We recently held a practical workshop that explored some of the ways we can foster connection, understanding, and belonging in teams.
Here are some of the main learnings from the session:
Create a designed alliance
Many relationships exist and function without explicit design, but if you want long-lasting and productive unions it can help to be open with expectations and boundaries.
A designed alliance can be useful for relationships between individuals but also as a way to introduce meaningful connection in a team.
Every team is different so the principles of every alliance will be to, but consider including things like:
- Engage and be present
- Assume the best in people
- Embrace vulnerability
- Listen to understand and ask for clarification
- Share to build trust
- Follow up on conversations
- Be imperfectly perfect
It's important to involve your team in the design of the alliance. How do they like to communicate and to be communicated with? How could their relationships function better?
Encourage authentic interactions
To truly connect, we need to truly listen. It takes work and practice to authentically engage but it's vital to developing strong relationships.
Encourage your team to employ active listening, here are some good starting principles:
Be in the moment – it seems obvious but be focused on the moment and think about your body language as well as your frame of mind.
Don't judge – keep an open mind, be open to new ideas and perspective and don't presume you know what's going on or what the other person is thinking.
Reflect – don’t presume you've understood what the other person is saying, if you're not sure paraphrase it back to them to check.
Clarify – ask questions to make sure you're on the same page, active listening is about asking not telling.
Recap – at the end of the conversation reflect on the key themes you've covered and ask the other person to do the same.
As a leader it can be really useful to consider the role values play in your interactions and to encourage others to do the same.
What's important to the other person? What motivates them? What are their values? Approaching interactions with these thoughts in mind can help us to connect better and understand the motivations and actions of others.

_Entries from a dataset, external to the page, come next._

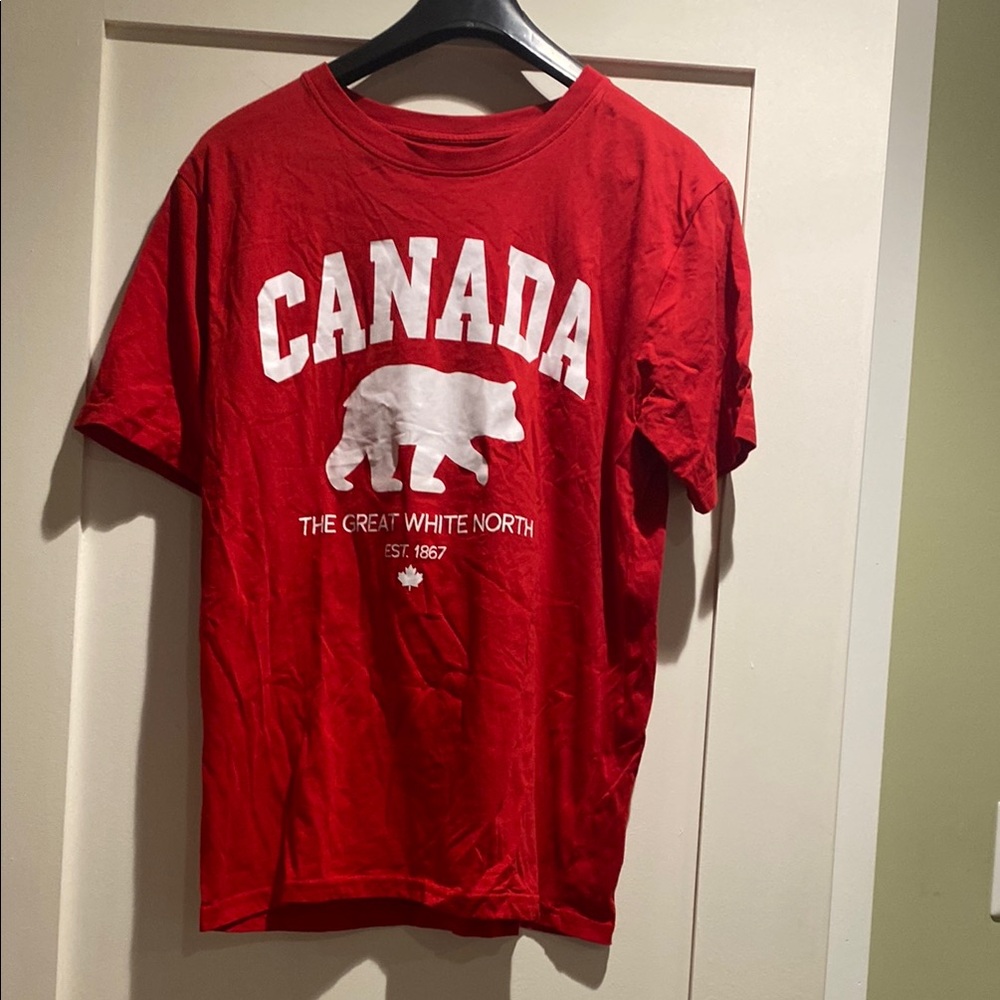 Canada Red T-shirt.  Ladies M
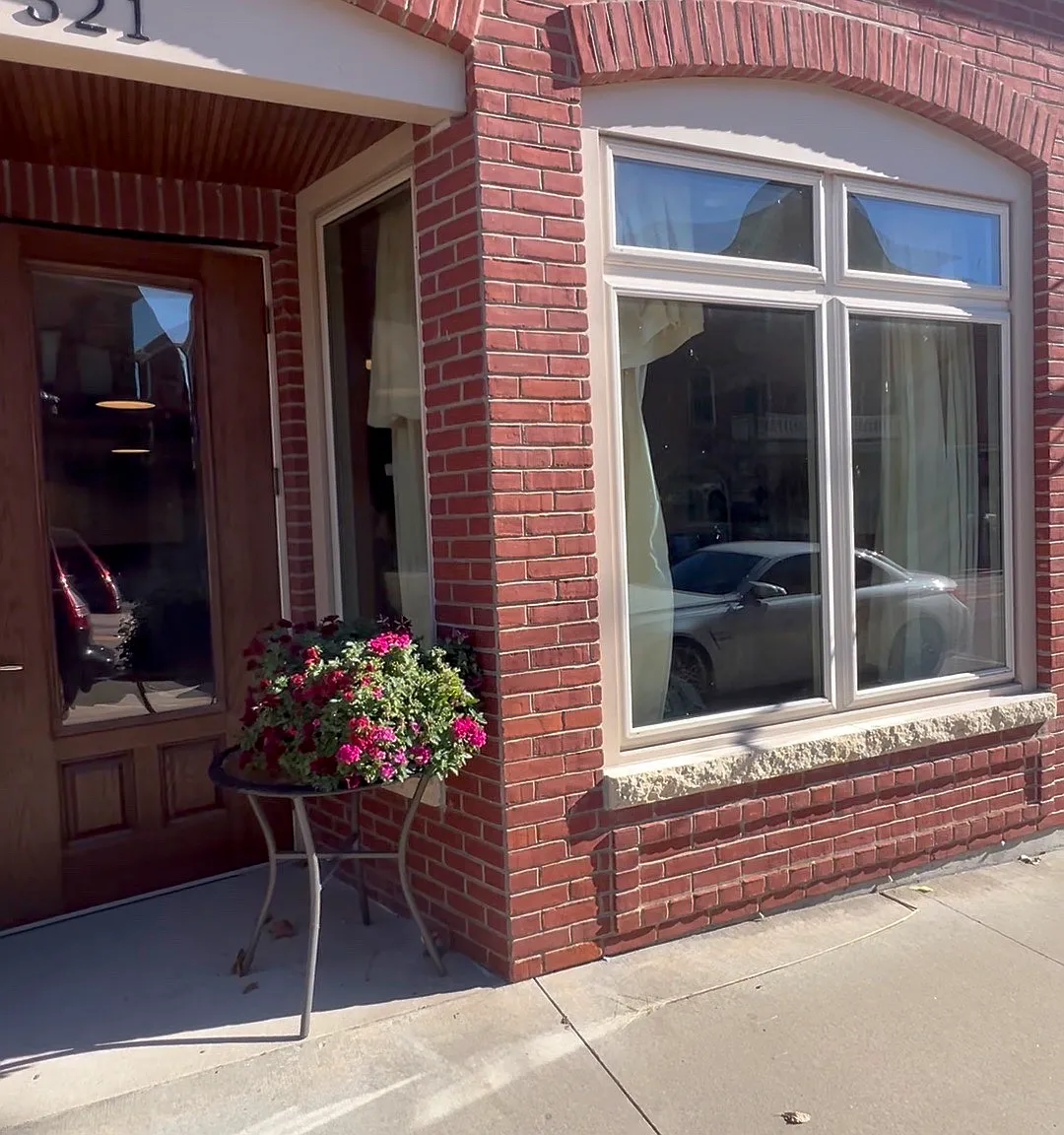 321 N Main St — Photo 1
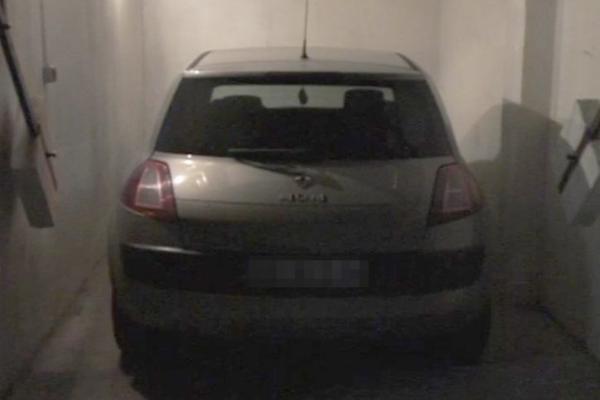 Pronađen ARSENAL ORUŽJA u Novom Beogradu sakriven u automobilu VIĐENOM u JAJINCIMA! (FOTO)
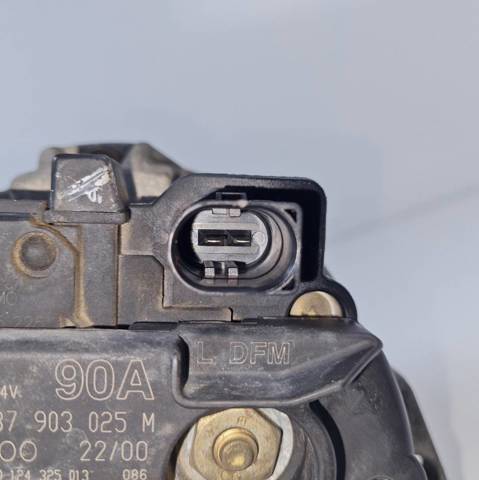 037903025M Alternador  en stock Granada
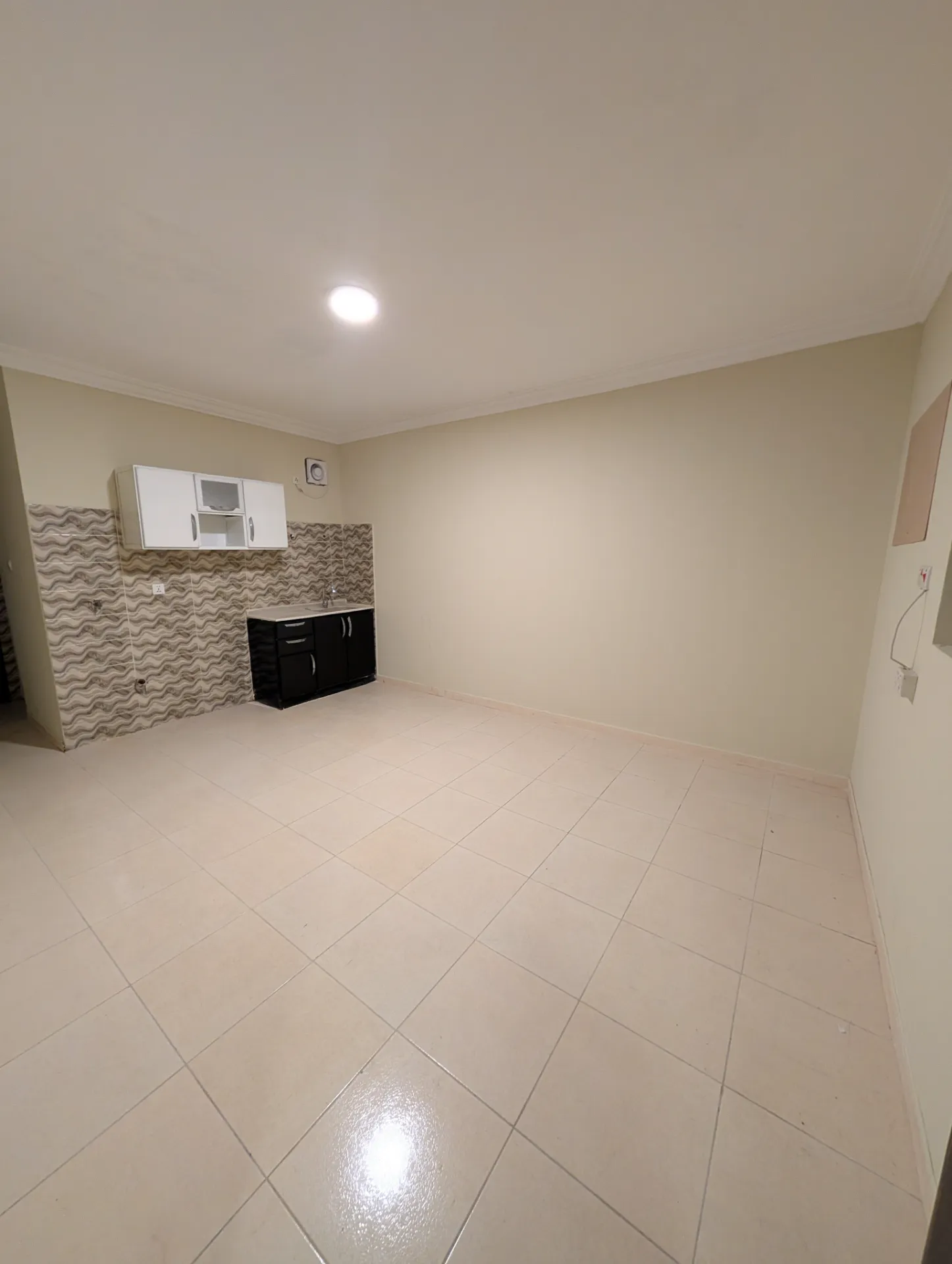 Affordable 1BR Rooftop Apartment – Janubiyah, Al Khobar | 13,800 SAR/Year | Property ID 108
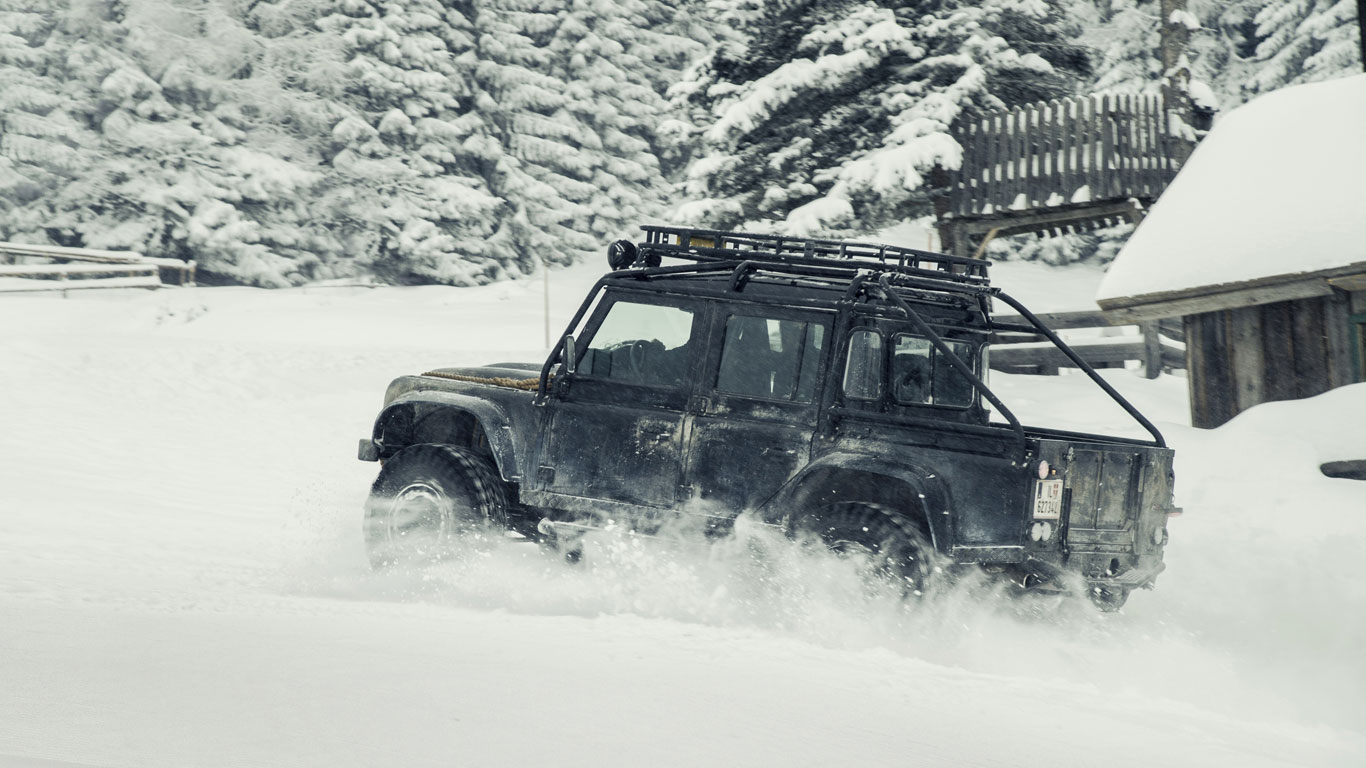 Spectre: Land Rover Defender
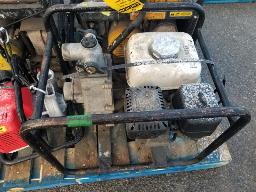 2 pompes à eau à essence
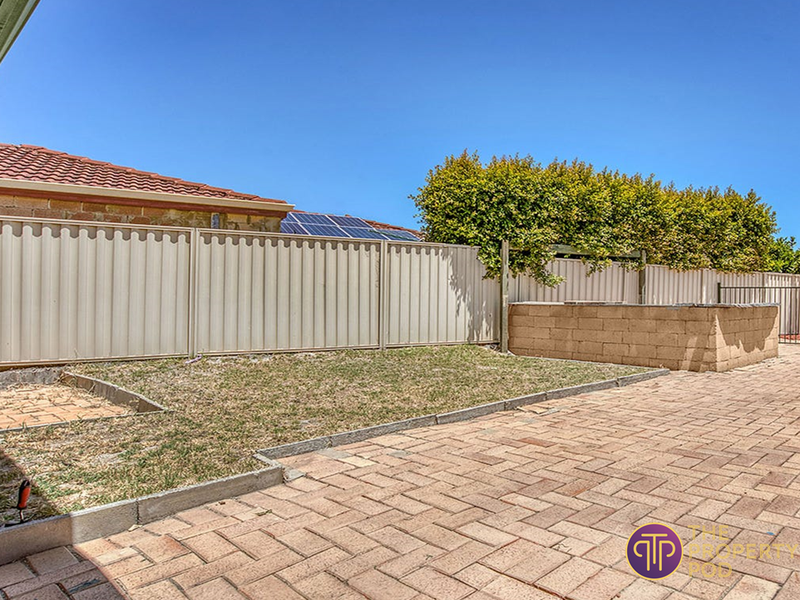 33 Redheart Drive, Thornlie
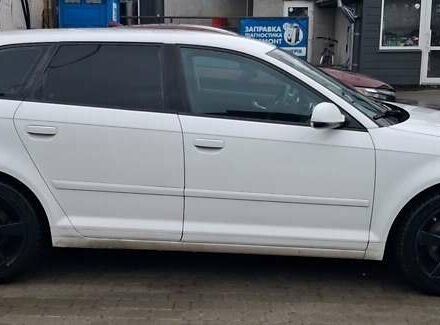 Белый Ауди А3, объемом двигателя 1.97 л и пробегом 173 тыс. км за 12800 $, фото 1 на Automoto.ua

Try asking questions like:
- What is important to you about this?
- What would great look like?
- What value is at play here for you?
- What value is being stepped on here?
- What is an idea you have to solve this?
- How could you shift this?
- What is one thing you'll do this week?
- What if you did know?
- How would you like to be accountable?
We all want to feel like we're being, seen, listened to, and heard. Demonstrating authentic empathy plays a big role in this and shows you see the individual, understand their value and recognise the importance of what they are saying.
A good way to ensure you're demonstrating this is through empathetic acknowledgement. Some good phrases to use during interactions are:
- Sounds like...
- I am hearing / seeing / noticing...
- I sense...
The power of authentic leadership
People are drawn to authenticity, it makes them feel safe and valued. When you lead in a consistent, transparent and open way, offering your true self it inspires trust and loyalty.
Here are some key principles for authentic leadership:
- Be honest and truthful
- Create space for reflection without agenda
- Actively listen and curb your enthusiasm to speak
- Be respectful and empathetic
- Check-in and follow up
- Invite dissenting ideas and seek to understand
- Design and live by your alliance
- Get grounded and be available
- Think about the environment and adapt it
When communication is authentic, and teams are connected it can open up new possibilities in the workplace. Implementing just a few of the principles can help leaders manage more effectively and generate powerful and productive interactions across the business.